(EXERCISE OBJECTIVE) Set down the final stretch of the data, from the line that holds "Photo 3 from" through the last line, both included, with pictures left out.
+++ DATA EXTRACT +++
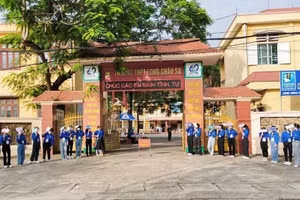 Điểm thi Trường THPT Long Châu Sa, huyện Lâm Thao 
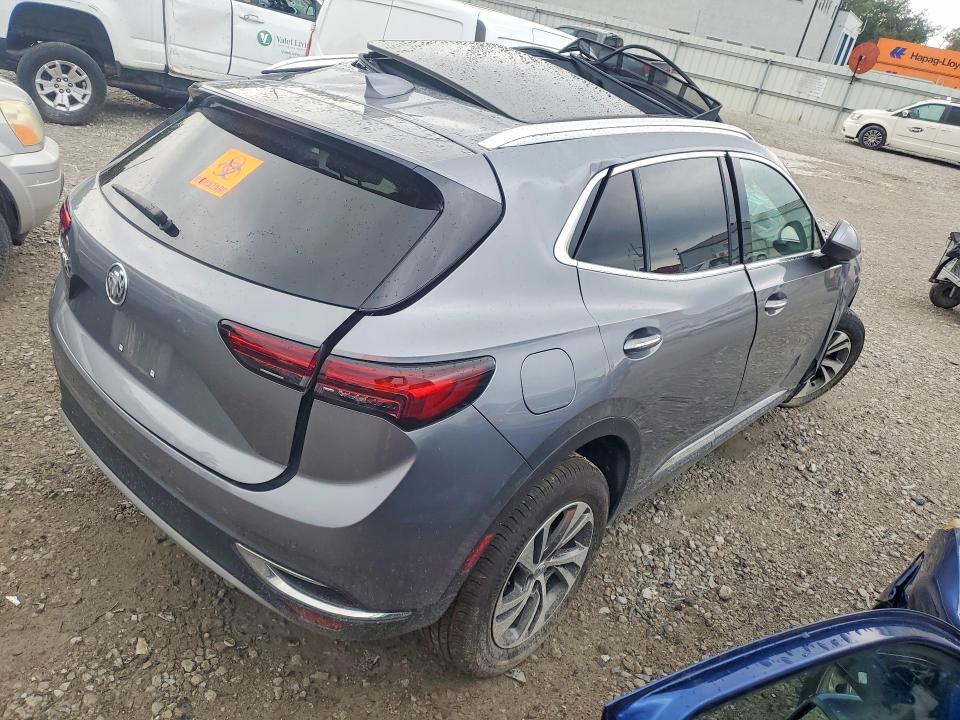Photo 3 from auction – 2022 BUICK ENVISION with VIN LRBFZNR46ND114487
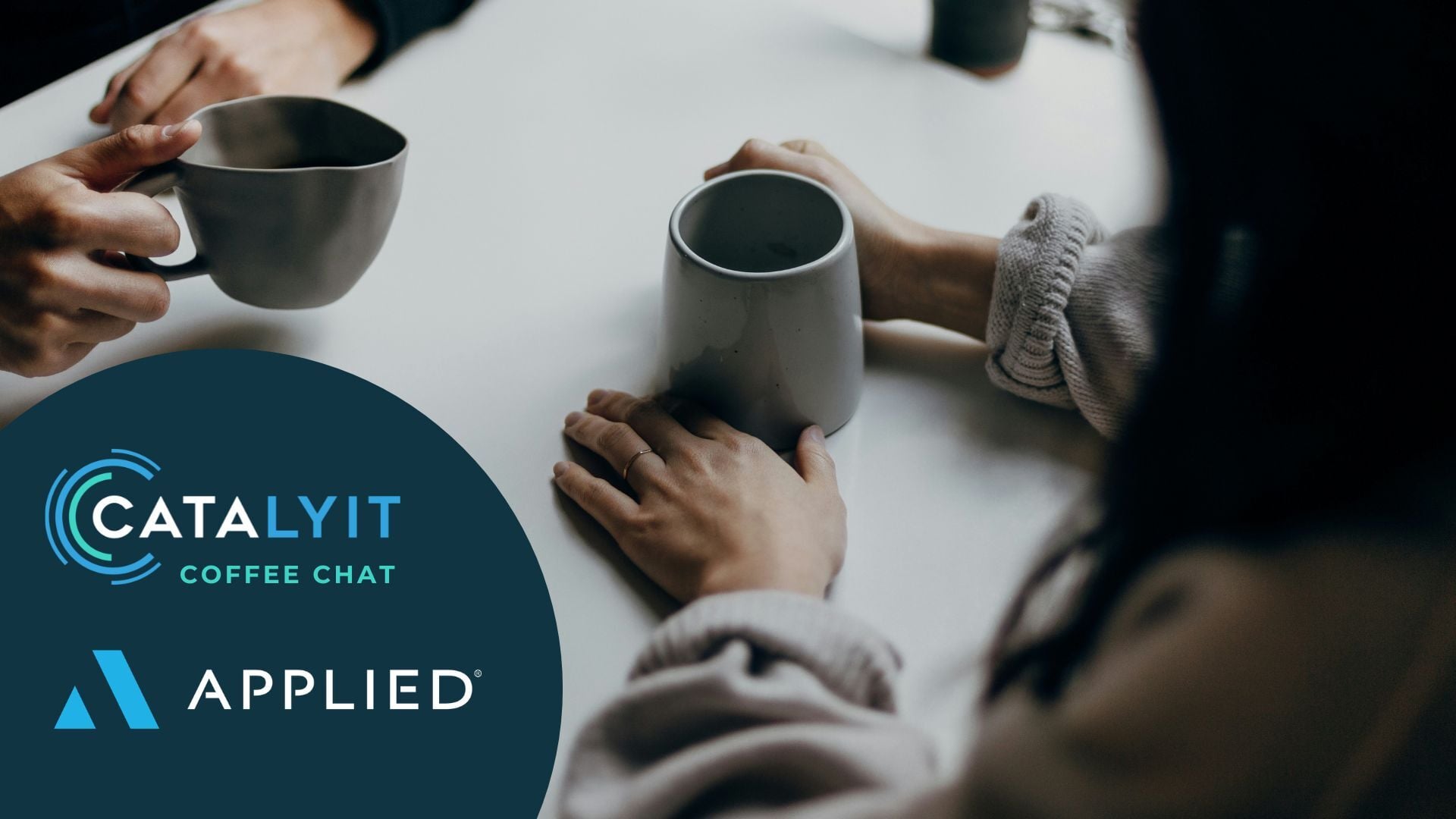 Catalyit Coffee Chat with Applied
+++
(YOUR RESPONSE)
Photo 3 from auction – 2022 BUICK ENVISION with VIN LRBFZNR46ND114487
 Catalyit Coffee Chat with Applied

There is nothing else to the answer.